Using some large pallet timbers for a benchtop, wondering what are my best options to join them, the center is smaller than the outer ones. I would like no visible fasteners but this weighs quite a bit.If Glue I would need a lot of working time.


----------



## GaryCN (Aug 18, 2007)

End view


----------



## GaryCN (Aug 18, 2007)

These are big approx 5 X 8" on the outside top measures 18", I've been thinking about lag bolts from the center to the front but not sure how to attach the back.


----------



## JayT (May 6, 2012)

I'm not a fan of mechanical fasteners in a workbench top, so I would glue it. Use a glue with a longer open time, such as Titebond III and plan your glue up to be efficient-preset the clamps, how you will spread the glue (I use a wide plastic putty knife for large surfaces) and maybe even to the extent of practicing moving the timbers so that you find the best way to stage the pieces.


----------



## ocean (Feb 13, 2016)

Weldwood plastic resin (urea-formaldehyde). Weldwood - DAP 402 is good stuff (expensive) long open set time 20-40 mins. (depending on humidity) I would try on scrape wood to test open time to make sure it is enough for you project. Elevate on scrap lumber (don't glue these to your table top) with a drop cloth below and use lots of clamps. I personally think that Titebond 2 or 3 will work just fine. Have everything ready before you start spreading glue.


----------



## Smitty_Cabinetshop (Mar 26, 2011)

Ditto re: Titebond. Preparation (staging) is everything.


----------



## GaryCN (Aug 18, 2007)

Went with Tightbond III, as I had close to 1/2 gallon of it. Probably didn't need much clamping as the weight alone may have been enough. I cut off 28" to get it down to 8'.


----------



## GaryCN (Aug 18, 2007)

Delta Radial cut this massive beam, i rarely use it but it does come in handy.


----------



## GaryCN (Aug 18, 2007)

I did have to do multiple passes.


----------



## GaryCN (Aug 18, 2007)

Sanding looks good for free wood. The timbers were originally used to raise a Formula 1 race carto fit in the lower deck cargo hold of a 747-400 aircraft









.


----------



## JayT (May 6, 2012)

Looking good. That's certainly a beefy top.


----------



## GaryCN (Aug 18, 2007)

It weighs quite a bit, I'm guessing over 300 lbs. It was a chore to glue up.

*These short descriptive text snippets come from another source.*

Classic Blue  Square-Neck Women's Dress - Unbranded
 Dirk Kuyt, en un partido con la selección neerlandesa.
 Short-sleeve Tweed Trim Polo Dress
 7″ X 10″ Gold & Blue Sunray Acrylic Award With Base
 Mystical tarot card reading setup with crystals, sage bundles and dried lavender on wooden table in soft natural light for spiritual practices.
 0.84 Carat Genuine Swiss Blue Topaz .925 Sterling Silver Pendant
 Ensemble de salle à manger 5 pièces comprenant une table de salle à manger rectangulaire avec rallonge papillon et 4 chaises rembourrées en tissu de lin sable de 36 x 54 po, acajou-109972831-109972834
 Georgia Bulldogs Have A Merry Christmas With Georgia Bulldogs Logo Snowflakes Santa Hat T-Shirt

> Looking good. That s certainly a beefy top.
> 
> - JayT


----------



## GaryCN (Aug 18, 2007)

Not really related but the large timbers were used to load a race car on a 747-400 passenger aircraft in the lower deck forward cargo hold. The pallet measures 96" X 125 " but depending on the height of what is being moved you can elevate and overhang the base pallet by about 30" or 15" on each side, The 6" elevation of the beams I used allowed the vehicle that exceeded the 125" limitation of the base to fit. the car was probably only 10" or less over the 125" limit about 5" on each side. The pallet wood was heading to a dumpster after the vehicle was delivered. Image will give an idea about how this works the image is a LD-7 88" wide a LD-7's can also be 96" wide both are still 125" long .


----------